E dove il 26 giugno, nel venerdì del Ramadan, a Sousse (a 100 km da Tunisi), il killer arrivato col gommone, studente modello di Ingegneria, ma soprattutto del Corano fondamentalista, ha mitragliato 38 tranquilli turisti europei stesi sulla sabbia e anche all'interno dell'Imperial Hotel. A marzo scorso, il terrore al Museo del Bardo stroncò 22 vite. Il presidente tunisino Beji Caid Essebsi ha chiuso 80 moschee e rafforzato le misure di sicurezza nei luoghi del turismo.
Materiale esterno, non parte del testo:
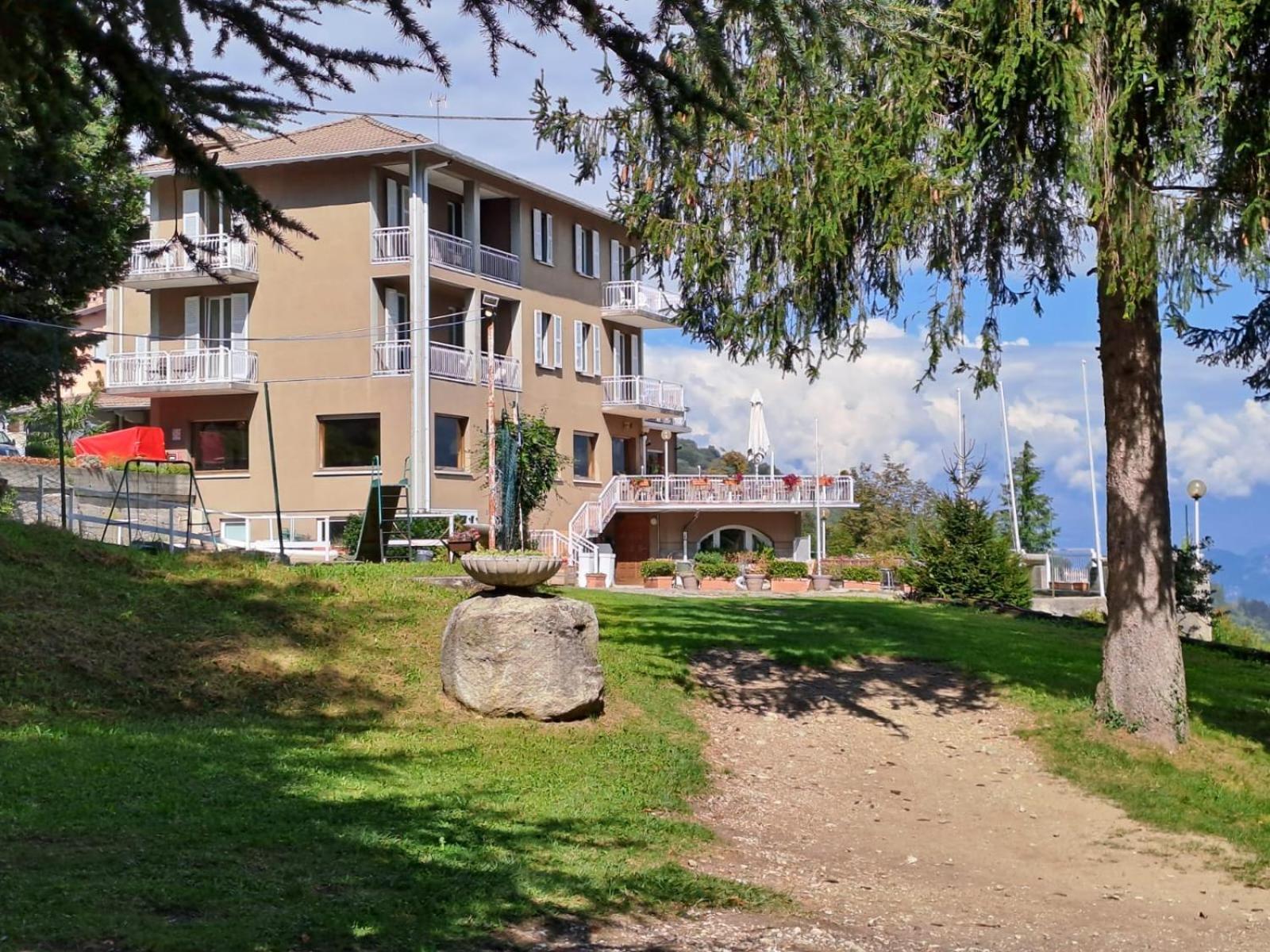Provinciale 79 Hotel Magreglio Buitenkant foto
E proprio alla sua persona si rivolge Panico: “Chiedo al Presidente di prendere in considerazione l'idea di innalzare la Polis Universale nel suo Paese: il centro della Terra affacciato sul Mediterraneo, che ha bisogno di pace”.
Perché? “Perché essa è un simbolo interreligioso, significa dialogo e pace per il mondo e i popoli, tutti i popoli, oggi che la nostra civiltà è in pericolo, in questo momento storico così difficile, a questo aspirano e la Polis emana energia di pace e di coesistenza pacifica. Chiediamo al Presidente Essebsi di discutere la nostra idea”.

La Polis quindi per Panico si trasfigura “in un'àncora attorno cui l'umanità si raccoglie per confrontarsi pacificamente”. E quindi un'occasione di dialogo e confronto. Corsi e ricorsi, non è la prima volta che la Storia offre di questi scenari. Nel contesto delle Crociate, dello scontro fra Occidente e Oriente, San Francesco nel 1219 andò nel deserto attorno a Damietta (Egitto) sotto la tenda del Sultano d'Egitto al-Malil al-Kamil, e dieci anni dopo, 1229, lo stesso fece Federico di Svevia: mentre infuriava la battaglia fra Cristiani e Musulmani, incontrò anche lo stesso Sultano d'Egitto.

Il dialogo quindi è un archetipo del confronto fra popoli, culture, etnie, religioni affacciate sul Mediterraneo. E se si parlassero all'ombra della “Polis Universale”? Magari un punto d'incontro, di coesistenza pacifica c'è e bisogna cercarla.